As I walked back home from the park, I couldn't stop thinking about that nightmare and about the three-year-old girl who had slept with her parents on the wet grass the night before. I wondered if, many years later, that little girl would remember hearing her father lie about sleeping in the park and then turn down the offer for food. Even if she didn't hear or understand the conversation, I'm certain that she could feel the tension and wonder what Mommy and Daddy were worried about.

Of course, there was no doubt in my mind that the young father was not being truthful. I figured it was about that ridiculous pride that keeps us men from admitting that we need help. Later, a friend suggested that the young man was afraid that someone might report him to the authorities and they would take the child away.
I felt even more stupid. But back to that day.

When I left home to begin my day, I drove through the local McDonald's and ordered four breakfast meals. I knew that the man would probably not accept it, but it didn't matter. I suppose it became more about me than about them.

I parked my car in the parking lot and walked to a picnic table about 50 feet from where the mother was sitting on a blanket with the little girl. The father was, no doubt, in the restroom cleaning up. I didn't make eye contact with them. Instead, I methodically set the table for four and sat myself down.

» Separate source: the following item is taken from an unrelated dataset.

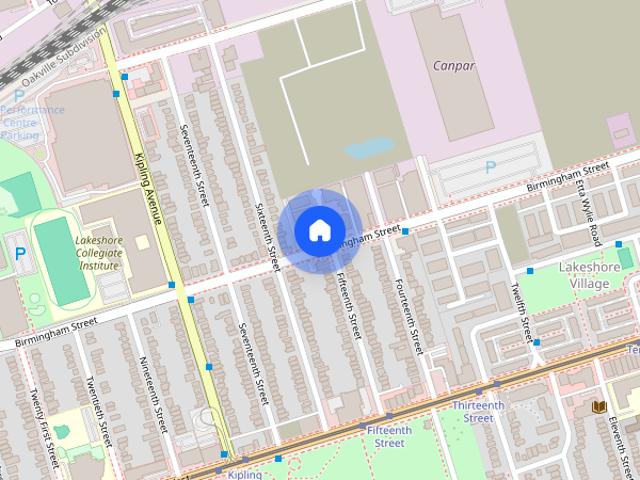 Apartment for rent in Woburn, Ontario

Again, I never looked at her and I don't know if she looked at me, but I'm guessing she did.

I ate my breakfast, gathered the empties and deposited them in the nearby trashcan. Of course, I left the three other meals sitting on the table -- orange juice, McMuffin and hashbrown potatoes. I never looked back

As I drove off, I knew that I would never know what happened to the food. Did Mommy and Daddy have a "should we" discussion? Did they scramble to the table and begin eating? Did the little girl ask them why they couldn't eat the food?

I'll never know. And I'll never know if or how that innocent little girl will see life differently because of the crisis her parents were experiencing.

The whole incident, however, made me think more about how easily some circumstances can change the course of someone's life. I pondered about the impact that the circumstance of my childhood had on my life.

Was it a combination of childhood crises, attention deficit disorder, dyslexia and post-traumatic stress disorder from Vietnam (and childhood?) that set the tone for everything that has happened in my life? For as long as I can remember, I've struggled just to keep up with life. I've been blessed with an inflamed curiosity and a radar-like ability to connect with the most wonderful and amazing people -- and a few who were not that wonderful, but equally amazing.

And I've been cursed with the inability to complete stories and projects so that I could share them with people. I'm buried in a massive collection of astoundingly wonderful stories to tell about people anyone would want to get to know.

But instead of crafting the stories and sharing them with people, I've spent my entire adult life (so far) scrambling to keep the wolves off my heels. If only I had the time. If only I had the money. If only I had a working partner. If only I had the breaks.

I cannot keep saying "If only."

I can no longer wait for someone to give me permission to write something or shoot something or to record something. In my heart, I believe that it's time to tell the stories and hope that people read them. I spend so much time encouraging people to sit down with their parents or grandparents and record oral histories.

"It's like being in a library that's burning down," I keep repeating. "You have to move fast."

I'm also a library and I'm feeling the heat.

I hope you'll enjoy the very personal and amazing stories I'm about to share with the world.